# Imports and Setup

In [None]:
from pathlib import Path
import sys
import yaml
import joblib
import warnings
import shap
import pandas as pd
from matplotlib import pyplot as plt
from IPython.display import display, Markdown

ROOT = Path().resolve().parent
SAVE_DIR = ROOT / "saved"
sys.path.append(str(ROOT))

with open("../config.yaml", "r") as f:
    config = yaml.safe_load(f)

label = config["general"]["label"]
value_mappings = config["preprocessing"]["value_mappings"]
primary_metric = config["general"]["primary_metric"]

from utils.utils import (
    evaluate_pipeline,
    summarize_model_results,
    cleaning_pipeline,
    preprocessor
)

X = joblib.load(SAVE_DIR / "X.pkl")
X_train = joblib.load(SAVE_DIR / "X_train.pkl")
y_train = joblib.load(SAVE_DIR / "y_train.pkl")
X_test = joblib.load(SAVE_DIR / "X_test.pkl")
y_test = joblib.load(SAVE_DIR / "y_test.pkl")
X_val = joblib.load(SAVE_DIR / "X_val.pkl")
y_val = joblib.load(SAVE_DIR / "y_val.pkl")


X_train_cleaned = cleaning_pipeline.fit_transform(X_train)
y_train = y_train.reset_index(drop=True)
X_train_preprocessed = pd.DataFrame(
    preprocessor.fit_transform(X_train_cleaned, y_train),
    columns=preprocessor.get_feature_names_out()
)


# from imblearn.under_sampling import RandomUnderSampler
# rus = RandomUnderSampler(sampling_strategy=0.5, random_state=42)
# X_train_preprocessed, y_train = rus.fit_resample(X_train_preprocessed, y_train)

# from imblearn.combine import SMOTEENN
# sampler = SMOTEENN(sampling_strategy=0.5, random_state=42)
# X_train_preprocessed, y_train = sampler.fit_resample(X_train_preprocessed, y_train)


X_test_cleaned = cleaning_pipeline.transform(X_test)
X_test_preprocessed = pd.DataFrame(
    preprocessor.transform(X_test_cleaned),
    columns=preprocessor.get_feature_names_out()
)

X_val_cleaned = cleaning_pipeline.transform(X_val)
X_val_preprocessed = pd.DataFrame(
    preprocessor.transform(X_val_cleaned),
    columns=preprocessor.get_feature_names_out()
)

# Bundle into one variable for evaluation
data = [X, X_train_preprocessed, y_train, X_test_preprocessed, y_test, X_val_preprocessed, y_val]

# Training

### DummyClassifier

In [None]:
dummy_pipeline, dummy_data = evaluate_pipeline('dummy_classifier', data)

### Logistic Regression

In [None]:
logistic_pipeline, logistic_data = evaluate_pipeline('logistic_regression', data)

### Random Forest

In [None]:
forest_pipeline, forest_data = evaluate_pipeline('random_forest', data)

### LightGBM

In [None]:
light_pipeline, light_data = evaluate_pipeline('lightgbm', data)

# Analysis

In [None]:
# Precomputed metric results from evaluation
model_data = {
    'dummy_classifier': dummy_data,
    'logistic_regression': logistic_data,
    'random_forest': forest_data,
    'lightgbm': light_data
}

fitted_pipelines = {
    'dummy_classifier': dummy_pipeline,
    'logistic_regression': logistic_pipeline,
    'random_forest': forest_pipeline,
    'lightgbm': light_pipeline
}

metrics_to_display = {
    'F1': '{:.2%}',
    'Accuracy': '{:.2%}',
    'Precision': '{:.2%}'
}

best_model, best_pipeline = summarize_model_results(
    model_data,
    primary_metric,
    metrics_to_display,
    fitted_pipelines
)

In [None]:
# Get predictions on training data
y_train_pred = best_pipeline.predict(X_train_preprocessed)

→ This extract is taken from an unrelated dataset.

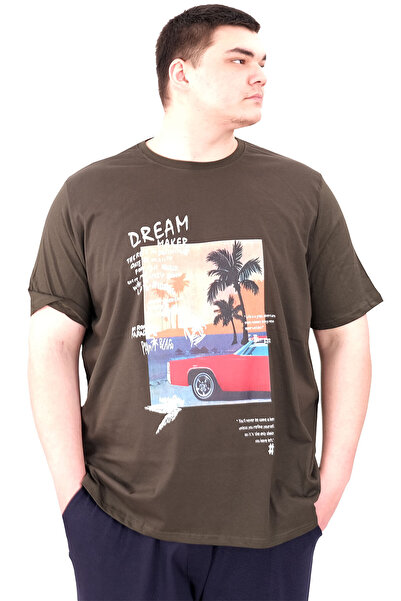 ModeXL Fashion XL Large Size Men's Printed T-Shirt Palm Dream U25026 Khaki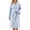 Blue, variant on Womens Embroidered Fleece Robe Shawl Collar Ribbed Mid Length Bathrobe with Pockets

# Only get wrong predictions
wrong_mask = y_train_pred != y_train
wrong_mask = wrong_mask
X_train_preprocessed = X_train_preprocessed
y_train = y_train
wrong_examples = X_train_preprocessed[wrong_mask.values]

label_map = {
    0: f"Not {label}",
    1: label.capitalize()
}

display = wrong_examples.copy()
display['Actual'] = y_train[wrong_mask].values
display['Predicted'] = y_train_pred[wrong_mask]

display['Actual'] = display['Actual'].map(label_map)
display['Predicted'] = display['Predicted'].map(label_map)

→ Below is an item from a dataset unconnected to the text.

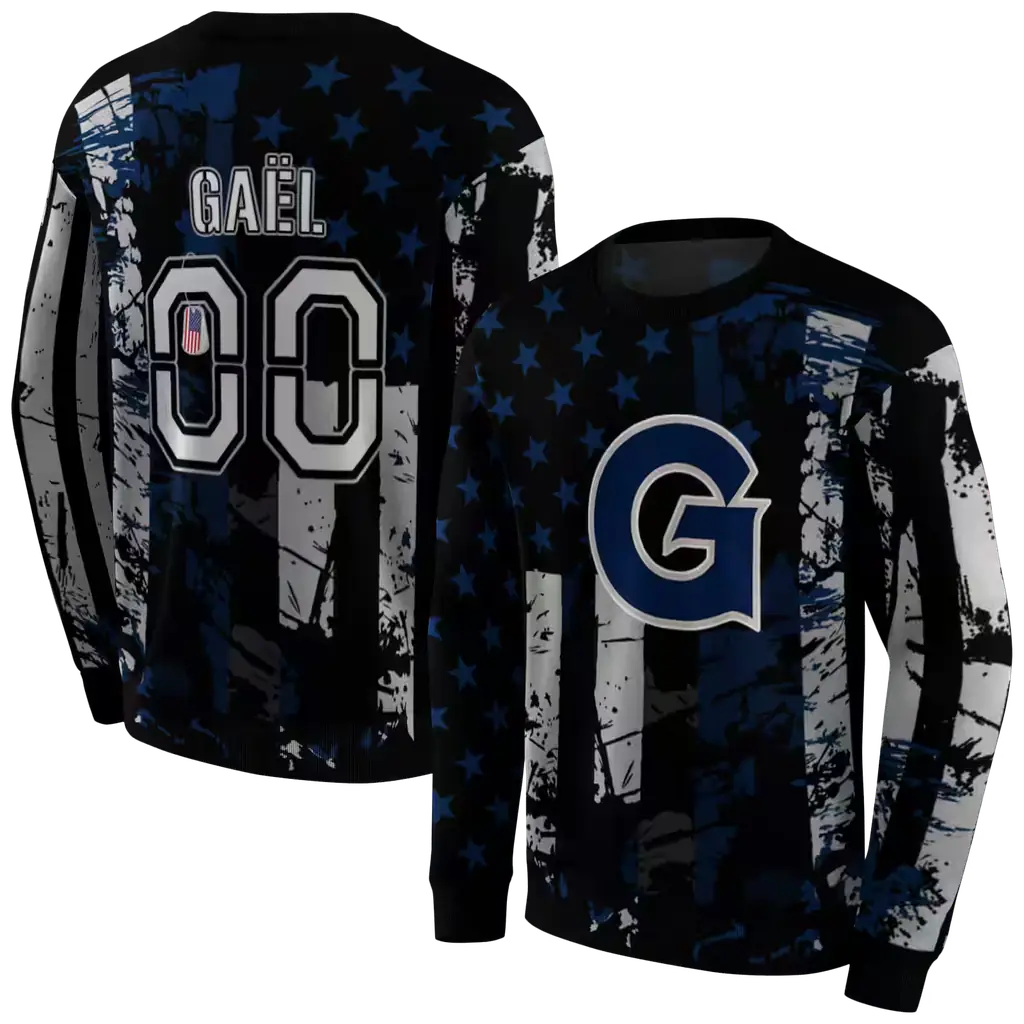 personalized georgetown hoyas distressed flag blue black hoodie premium grade personalized georgetown hoyas distressed flag blue black hoodie premium grade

# Show a few wrong examples
display.sample(5, random_state=42)

#### Model performance metrics
Summarize the key evaluation metrics and what they say about the model's overall predictive power. Highlight any strengths or weaknesses revealed by these numbers

#### Feature importance analysis
Describe which features contribute most to the model's decisions. Include insights from feature importance scores, SHAP values, and more. Explain why certain features might be especially influential

#### Overfitting/underfitting and generalization
Discuss evidence of overfitting/underfitting, if any. Use training vs. validation scores, learning curves, or cross-validation results to support analysis. Explain how well the model is expected to perform on unseen data

#### Comparison to baseline models
Compare the model's performance to the basline models, Dummy and Logistic Regression. Highlight improvements and explain why this model is a better choice than those options

#### Error analysis
Common failure cases (e.g., certain classes, edge cases) and examples of misclassified instances

#### Model deployment considerations
Inference time and scalability. Will it work for real time predictions?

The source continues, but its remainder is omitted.